Experience is an overrated commodity in presidential politics, but typically at least one of the two major parties nominates someone with long-standing ties to Washington and backing from the party establishment. However, in 2008 — the first year since 1928 in which neither an incumbent President nor Vice President ran for the top slot — the die was effectively cast before the general-election process began.

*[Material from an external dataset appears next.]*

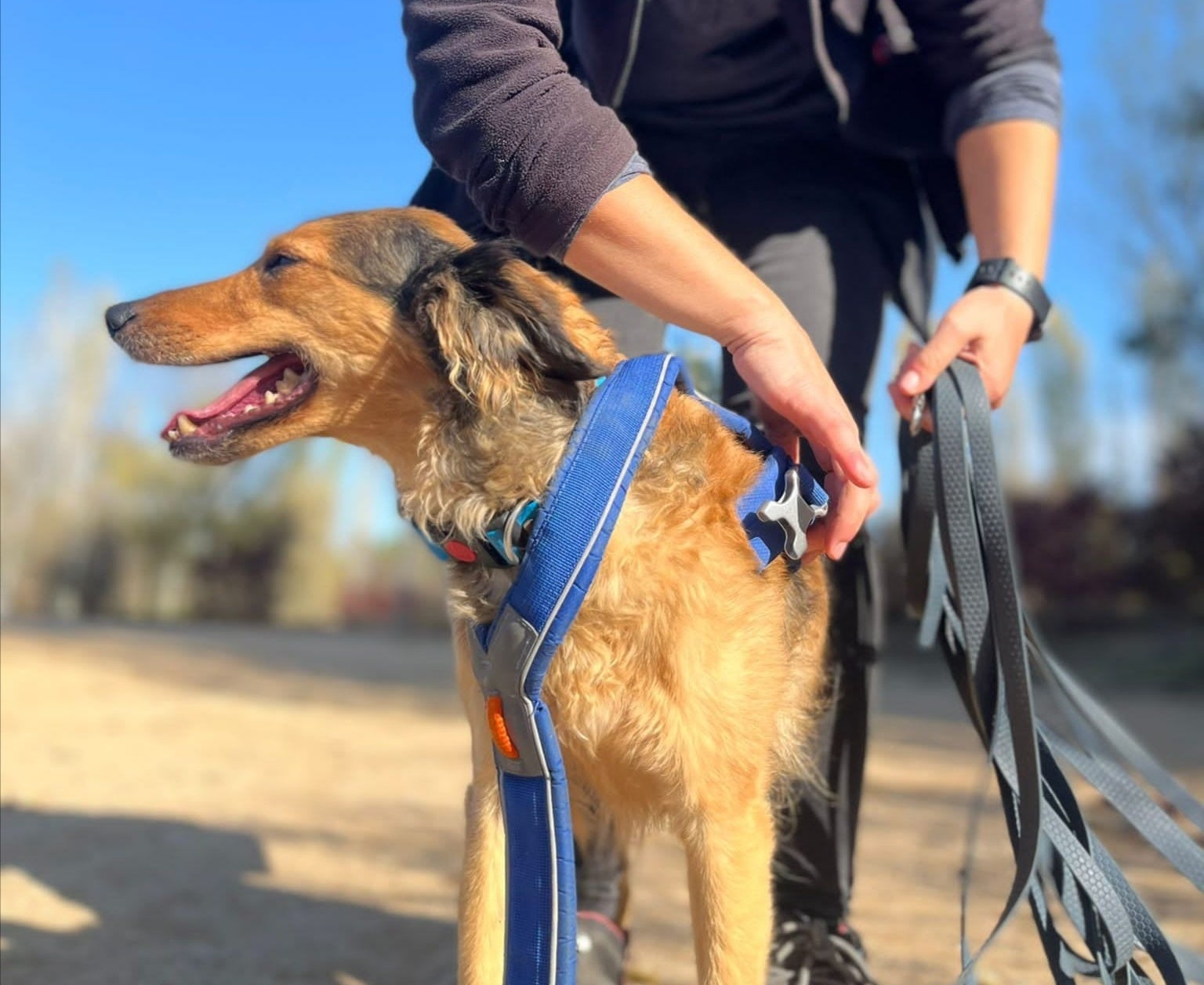 'Leyendo perros', l'associació de Viladecavalls que enforteix el vincle el gos i la persona a través del mantrailing | Cedida per 'Leyendo perros'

On the Republican side, Dick Cheney's resolve not to compete left the GOP without an eminent leader waiting for his turn. McCain, who in 2004 was so alienated from his party that he flirted with becoming John Kerry's running mate, found himself the default front runner, even though many members of the party's core constituencies — Big Business, religious conservatives, Bush loyalists — had disdain for his politics and persona. Although McCain made moves to curry favor with these groups, he never became the kind of Establishment insider the party embraces as a nominee. But none of his chief rivals — Mike Huckabee, Mitt Romney, Rudy Giuliani and Fred Thompson — were aggressive or well organized enough to take the crown away from him.

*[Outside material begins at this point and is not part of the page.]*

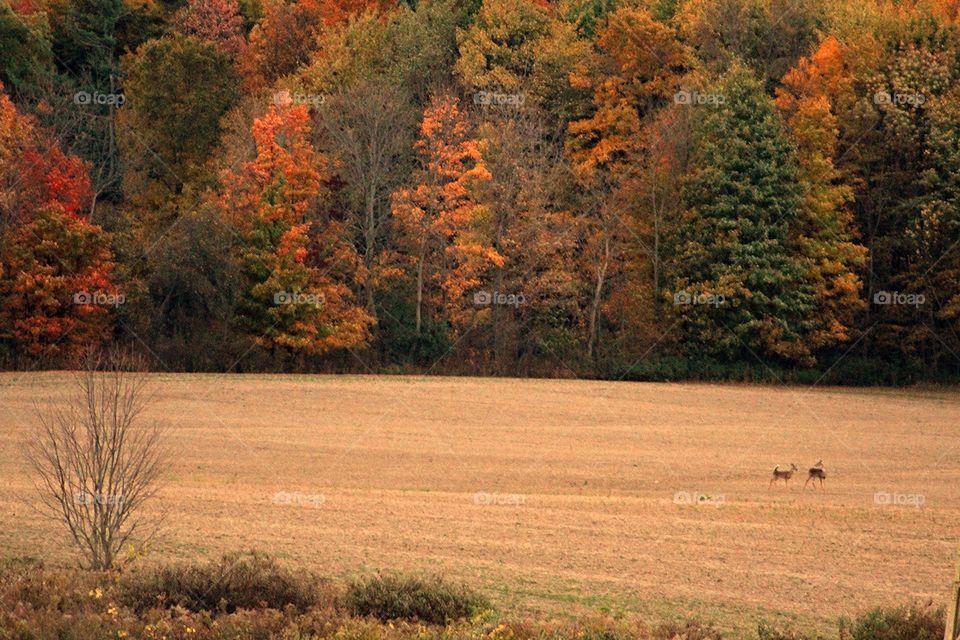 Deer in an Autumn Field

On the Democratic side, Hillary Clinton was the anticipated front runner for more than a year before the primaries and caucuses began. But Obama's charisma, combined with concern about Clinton fatigue, allowed the young Senator to parlay early success into a role reversal in which he became the choice of party elders such as Ted Kennedy and labor-union leaders. Clinton was forced into the role of underdog.